Periodontal disease has been seen as a risk factor for a host of systemic issues, including heart disease, kidney disease, and Alzheimer’s disease. A study from Taiwan suggests that it may be linked with pancreatic cancer as well.
Researchers identified 139,805 subjects with periodontal disease and 75,085 subjects without it in the National Health Insurance Research Database in Taiwan. Next, they performed Cox proportional hazards regression to compare the incidence of pancreatic cancer between the groups. The research showed a predominant positive association between periodontal disease and pancreatic cancer risk among subjects age 65 and older, though it was not observed among those younger than 65.
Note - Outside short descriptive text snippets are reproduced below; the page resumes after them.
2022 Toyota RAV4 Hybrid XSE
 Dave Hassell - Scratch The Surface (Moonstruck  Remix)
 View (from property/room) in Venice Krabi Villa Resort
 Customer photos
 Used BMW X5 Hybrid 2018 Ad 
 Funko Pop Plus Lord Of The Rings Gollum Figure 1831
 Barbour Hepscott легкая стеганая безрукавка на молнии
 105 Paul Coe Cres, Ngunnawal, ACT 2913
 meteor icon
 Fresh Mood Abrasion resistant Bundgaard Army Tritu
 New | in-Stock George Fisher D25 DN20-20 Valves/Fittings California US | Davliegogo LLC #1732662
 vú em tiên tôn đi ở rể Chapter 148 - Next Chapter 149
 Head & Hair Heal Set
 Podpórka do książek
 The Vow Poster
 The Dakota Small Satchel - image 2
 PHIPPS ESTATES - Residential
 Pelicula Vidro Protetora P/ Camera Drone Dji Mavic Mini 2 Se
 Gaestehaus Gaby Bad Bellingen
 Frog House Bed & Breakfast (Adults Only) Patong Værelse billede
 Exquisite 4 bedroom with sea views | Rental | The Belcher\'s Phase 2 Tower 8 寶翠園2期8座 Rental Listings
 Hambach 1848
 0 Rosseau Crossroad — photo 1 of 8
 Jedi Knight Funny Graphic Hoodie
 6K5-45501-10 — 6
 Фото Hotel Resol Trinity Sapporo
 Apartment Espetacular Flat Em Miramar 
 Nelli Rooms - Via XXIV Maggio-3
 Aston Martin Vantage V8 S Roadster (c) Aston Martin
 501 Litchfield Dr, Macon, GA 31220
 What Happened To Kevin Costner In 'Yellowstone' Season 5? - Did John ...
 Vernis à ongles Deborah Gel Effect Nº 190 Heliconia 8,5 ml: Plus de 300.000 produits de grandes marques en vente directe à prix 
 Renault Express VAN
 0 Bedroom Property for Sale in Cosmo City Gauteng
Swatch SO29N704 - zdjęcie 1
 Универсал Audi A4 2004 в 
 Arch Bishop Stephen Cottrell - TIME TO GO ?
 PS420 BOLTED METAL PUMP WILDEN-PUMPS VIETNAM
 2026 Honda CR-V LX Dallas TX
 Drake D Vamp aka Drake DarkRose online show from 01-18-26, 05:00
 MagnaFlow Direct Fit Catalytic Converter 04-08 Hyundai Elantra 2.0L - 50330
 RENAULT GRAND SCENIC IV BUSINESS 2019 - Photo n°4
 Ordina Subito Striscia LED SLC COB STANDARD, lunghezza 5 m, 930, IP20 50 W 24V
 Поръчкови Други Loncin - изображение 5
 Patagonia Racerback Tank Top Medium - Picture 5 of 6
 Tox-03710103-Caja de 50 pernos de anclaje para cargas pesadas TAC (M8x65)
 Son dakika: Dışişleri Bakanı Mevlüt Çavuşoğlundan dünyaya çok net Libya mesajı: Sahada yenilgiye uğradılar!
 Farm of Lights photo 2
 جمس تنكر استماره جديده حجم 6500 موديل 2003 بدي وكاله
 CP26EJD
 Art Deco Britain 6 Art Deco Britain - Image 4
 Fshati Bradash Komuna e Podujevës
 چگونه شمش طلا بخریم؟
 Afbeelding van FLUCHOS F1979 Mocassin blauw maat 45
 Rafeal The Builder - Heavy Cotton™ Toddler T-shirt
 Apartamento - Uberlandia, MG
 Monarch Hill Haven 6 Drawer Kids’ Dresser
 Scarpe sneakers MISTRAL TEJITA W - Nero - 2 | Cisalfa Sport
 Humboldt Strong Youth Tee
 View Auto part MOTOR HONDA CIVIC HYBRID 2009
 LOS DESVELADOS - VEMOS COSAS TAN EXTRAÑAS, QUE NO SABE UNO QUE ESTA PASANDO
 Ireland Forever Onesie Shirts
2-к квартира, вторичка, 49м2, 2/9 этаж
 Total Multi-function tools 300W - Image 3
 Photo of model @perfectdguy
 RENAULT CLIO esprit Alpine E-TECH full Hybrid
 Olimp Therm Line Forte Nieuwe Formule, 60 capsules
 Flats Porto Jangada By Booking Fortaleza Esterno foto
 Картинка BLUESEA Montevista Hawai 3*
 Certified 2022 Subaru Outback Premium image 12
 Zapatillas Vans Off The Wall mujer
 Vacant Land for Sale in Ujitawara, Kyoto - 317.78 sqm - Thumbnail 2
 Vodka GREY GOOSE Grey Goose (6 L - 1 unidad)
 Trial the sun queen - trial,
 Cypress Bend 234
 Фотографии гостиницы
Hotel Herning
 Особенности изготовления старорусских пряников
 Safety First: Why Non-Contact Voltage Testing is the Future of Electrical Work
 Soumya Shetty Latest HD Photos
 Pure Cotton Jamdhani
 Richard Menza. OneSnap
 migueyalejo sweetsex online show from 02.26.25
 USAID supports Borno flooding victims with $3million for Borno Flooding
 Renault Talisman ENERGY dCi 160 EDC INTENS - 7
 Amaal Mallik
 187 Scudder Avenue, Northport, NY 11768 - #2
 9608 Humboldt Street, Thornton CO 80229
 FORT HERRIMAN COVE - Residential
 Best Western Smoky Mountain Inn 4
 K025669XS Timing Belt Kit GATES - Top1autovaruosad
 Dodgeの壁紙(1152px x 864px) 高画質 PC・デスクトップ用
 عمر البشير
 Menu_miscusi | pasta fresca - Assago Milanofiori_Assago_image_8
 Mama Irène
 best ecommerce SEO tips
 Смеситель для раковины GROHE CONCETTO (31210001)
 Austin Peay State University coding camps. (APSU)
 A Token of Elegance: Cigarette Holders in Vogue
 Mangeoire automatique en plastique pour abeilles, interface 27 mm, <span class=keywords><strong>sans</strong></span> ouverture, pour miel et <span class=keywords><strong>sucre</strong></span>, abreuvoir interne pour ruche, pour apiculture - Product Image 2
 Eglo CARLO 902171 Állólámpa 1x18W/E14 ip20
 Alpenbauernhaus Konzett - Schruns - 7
Periodontal disease also proved to be a risk factor for pancreatic cancer independent of diabetes, hyperlipidemia, allergies, viral hepatitis, peptic ulcer, pancreatitis, chronic obstructive pulmonary disease (as a proxy for cigarette smoking), and alcoholic-related conditions (as a proxy for drinking alcohol). However, the underlying biological mechanisms behind the association require further investigation, researchers said.
The study, “Investigating the Association Between Periodontal Disease and Risk of Pancreatic Cancer,” was published by Pancreas: Journal of Neuroendocrine Tumors and Pancreatic Diseases and Sciences.